[What you are asked to do]:
Write out the listing from the line with "Детские свитшот с" to the line with "Ensemble de bague", both lines included, exactly and nothing beyond. Leave pictures out.

[Records provided]:

- - - - -

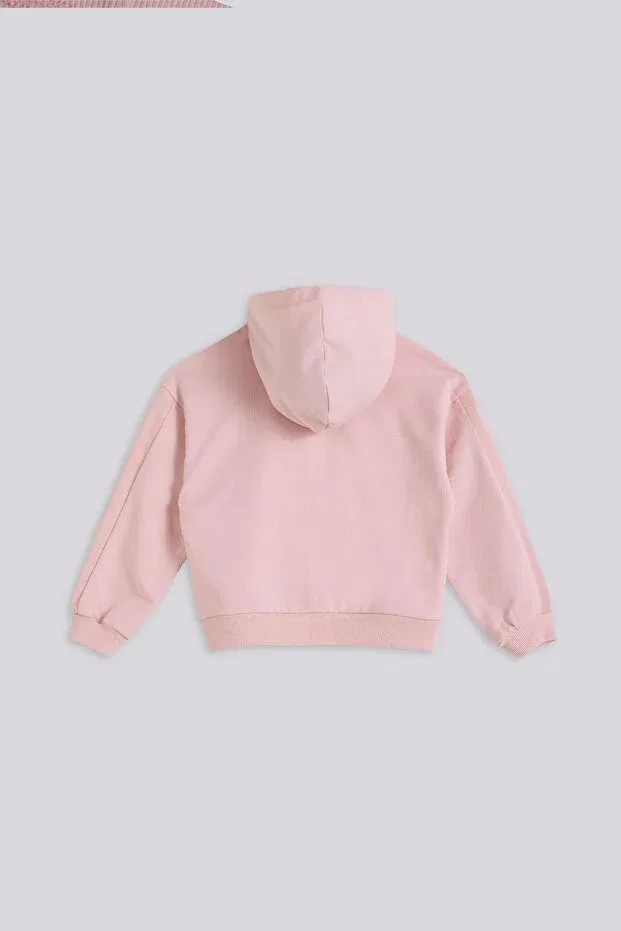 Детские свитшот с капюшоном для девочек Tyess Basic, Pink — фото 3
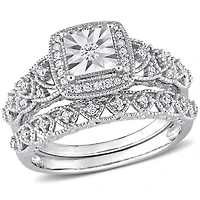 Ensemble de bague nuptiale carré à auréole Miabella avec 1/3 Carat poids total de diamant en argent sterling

- - - - -

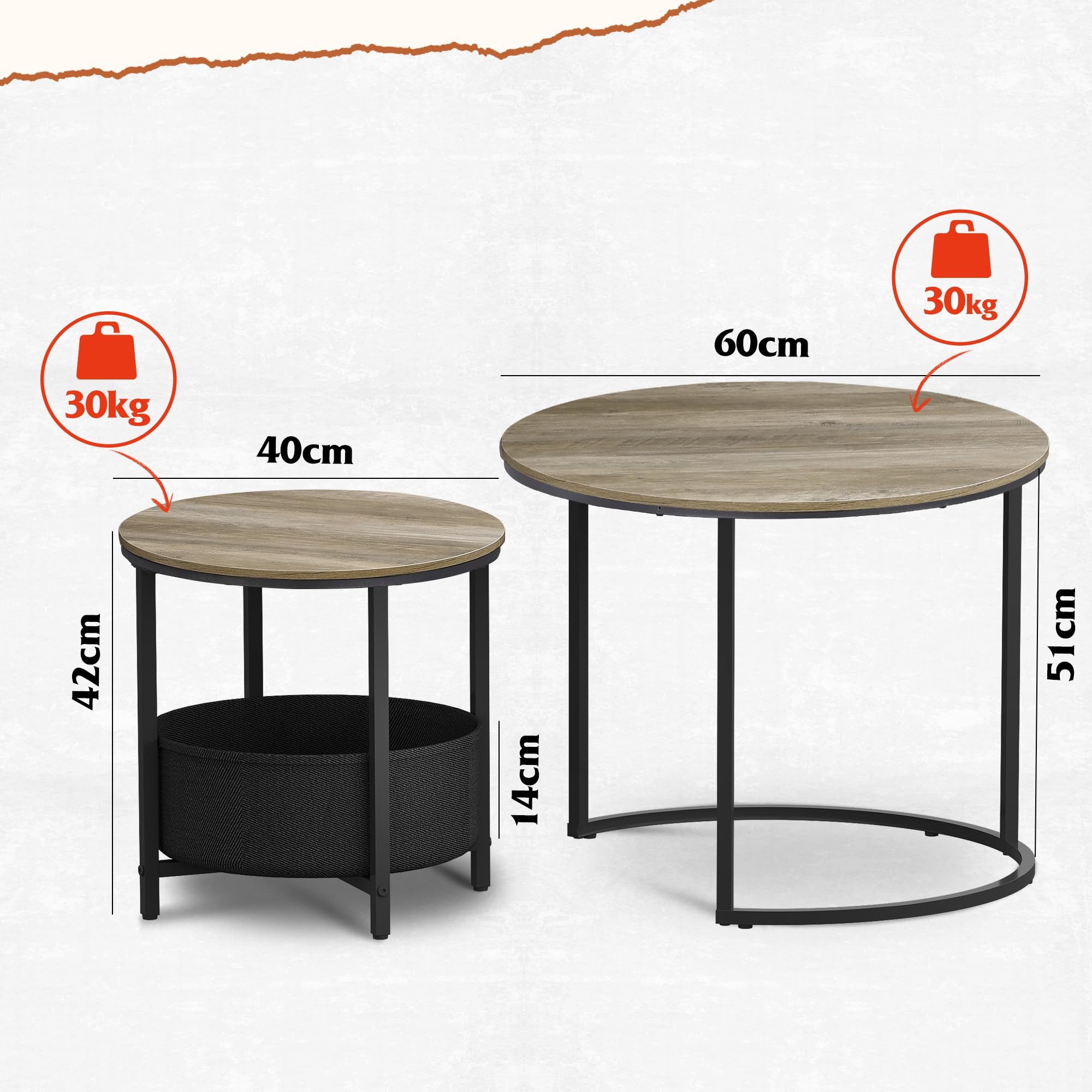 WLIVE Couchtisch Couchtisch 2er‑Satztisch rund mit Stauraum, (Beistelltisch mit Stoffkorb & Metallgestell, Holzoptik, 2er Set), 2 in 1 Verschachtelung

- - - - -

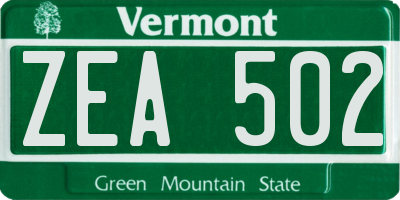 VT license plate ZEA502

- - - - -

[Task output]:
 Детские свитшот с капюшоном для девочек Tyess Basic, Pink — фото 3
 Ensemble de bague nuptiale carré à auréole Miabella avec 1/3 Carat poids total de diamant en argent sterling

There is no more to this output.